Majestatis was indeed sleeping when Temeraire came to see him; his cave was out of the way, and not very large; but Temeraire noticed that there was a carefully placed heap of stones, along the back, which blocked one’s view into the interior; if he widened his pupils as far as they would go, he thought he could make out a darker space behind them, as if there were a passageway going back deeper into the mountainside.

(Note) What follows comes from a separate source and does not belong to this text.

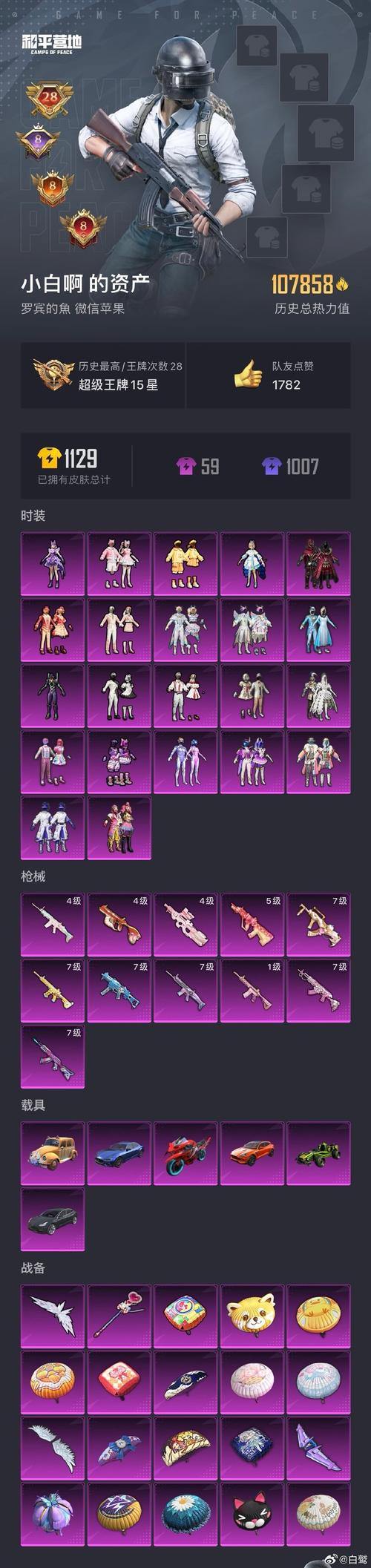 完美世界私服玩家必看！选服及下载客户端全攻略来啦 第2张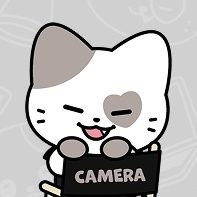 かたつむり (@itzy2024) 's Twitter Profile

He coiled himself neatly and waited without fidgeting, as was polite; but at length, when Majestatis showed no signs of waking—after ten minutes, or perhaps five—very nearly five—Temeraire coughed; then he coughed again, a little more emphatically, and Majestatis sighed and said, without opening his eyes, “So you are not leaving, I suppose?”

“Oh,” Temeraire said, his ruff prickling, “I thought you were only sleeping, not ignoring me deliberately; I will go at once.”

“Well, you might as well stay, now,” Majestatis said, lifting his head and yawning himself awake. “I don’t bother to wake up if it isn’t important enough to wait for, that’s all.”